Why Starting Small with AI Works
Our initial article highlights the advantage of an AI implementation strategy that begins with manageable projects designed to solve specific, well-defined issues, ideally with known outcomes. These early implementations should seek to address common, repetitive tasks; automate straightforward processes; or reduce the manual workload. This approach quickly demonstrates the potential for measurable improvements and clearly illustrates the practical benefits of AI.[2]
Data Preparation and Quality: Ensuring a Solid Foundation
One key lesson from starting small is the importance of data readiness. Any great AI idea can crumble if the data feeding it is messy or unreliable. It’s best to start with the data available to the organization. However, it’s equally important to ensure the data is clean and well-understood enough to yield meaningful results. Selecting a manageable, high-quality internal data source for the first micro bot/agent sets the project up for success. In practice, this could involve:
- Limiting Scope to Reliable Data: If the firm’s historical documents are scattered and messy, it might be best to begin with a specific repository (e.g., proposals from the last two years) known to be consistent. Starting with this smaller, well-curated data set ensures the AI isn’t overwhelmed by noise.

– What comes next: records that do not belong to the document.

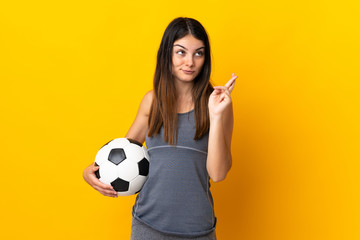 Young football player woman isolated on yellow background with fingers crossing and wishing the best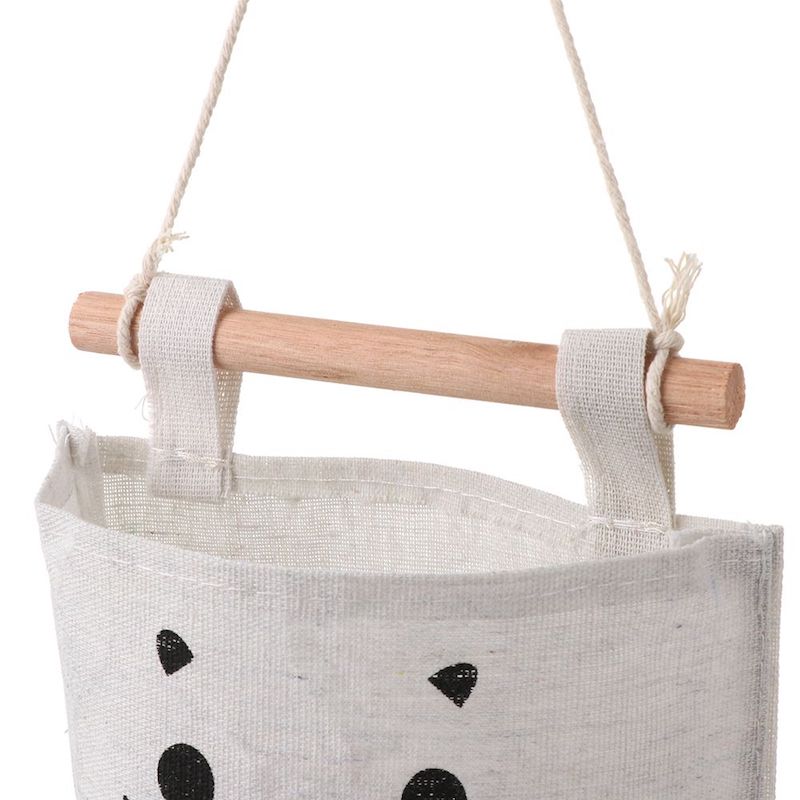 A super cute, small hanging storage bag with adorable printed kitty face to organise your everyday items in your kitchen, diy corner, office and so on.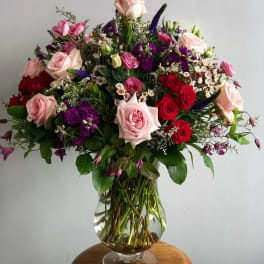 Large bouquet of pink, red, and purple flowers in a clear glass vase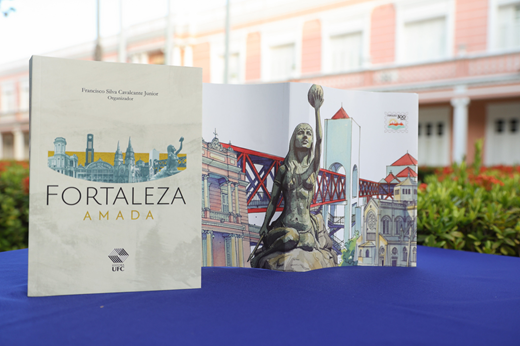Imagem: Foto do livro Fortaleza Amada sobre uma mesa; ao fundo, o prédio da Reitoria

- Light Data Cleaning: Don’t underestimate the payoff from spending some time checking for and fixing obvious gaps or errors in the data. For example, standardize client names or remove outdated files (e.g., data older than five years unless it is unique in some way). Beginning with a small project means this cleaning work should not be overwhelming, and it will likely dramatically improve the AI’s accuracy.

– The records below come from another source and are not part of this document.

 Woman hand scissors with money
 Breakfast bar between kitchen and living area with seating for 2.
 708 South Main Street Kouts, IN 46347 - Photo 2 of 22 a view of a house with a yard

- Known Outcomes as a Guide: Choose pilot projects where it is known what a “good result” will look like. This may mean using data that has been used in the past to produce a correct solution. This way if the AI wanders off track, it is clearly evident and the project can be easily course corrected.
A focus on data quality minimizes risk. When data is clean, the micro-agent can showcase AI’s value without getting tripped up by avoidable data issues. Essentially, ensure the footing is solid before the bot takes its first steps.

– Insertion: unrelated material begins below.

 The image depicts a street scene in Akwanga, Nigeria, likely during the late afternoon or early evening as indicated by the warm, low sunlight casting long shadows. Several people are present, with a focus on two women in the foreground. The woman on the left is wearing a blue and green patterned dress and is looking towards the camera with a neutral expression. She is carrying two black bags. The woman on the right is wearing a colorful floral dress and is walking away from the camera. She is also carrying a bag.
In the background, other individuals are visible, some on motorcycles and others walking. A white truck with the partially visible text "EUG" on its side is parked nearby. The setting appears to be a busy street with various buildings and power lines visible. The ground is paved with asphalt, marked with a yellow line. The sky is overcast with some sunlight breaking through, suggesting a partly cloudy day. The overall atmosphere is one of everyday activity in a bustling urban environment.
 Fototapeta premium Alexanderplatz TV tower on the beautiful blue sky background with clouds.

Real-World Use Cases: AI in Document Retrieval and Legacy Content
Consider two illustrative examples of agents or targeted AI implementations that have the potential to consistently deliver significant benefits across various professional services:
- Intelligent Document Retrieval and Review Agent: Leveraging AI for efficient and accurate retrieval of historical documents, relevant data, and key insights can dramatically streamline the proposal development and review process. By swiftly accessing pertinent information, organizations can reduce response times, enhance document accuracy, and refocus human efforts on strategic analysis and client engagement. Say goodbye to Control F!
- Legacy Content Utilization Agent: Employing AI to rapidly search and analyze historical project data has allowed professional services firms to identify reusable insights and patterns efficiently. This accelerates decision-making, reduces redundancy, and elevates overall service quality and consistency. In practice, this means a consultant might quickly uncover how a similar issue was solved two years ago, saving time and effort.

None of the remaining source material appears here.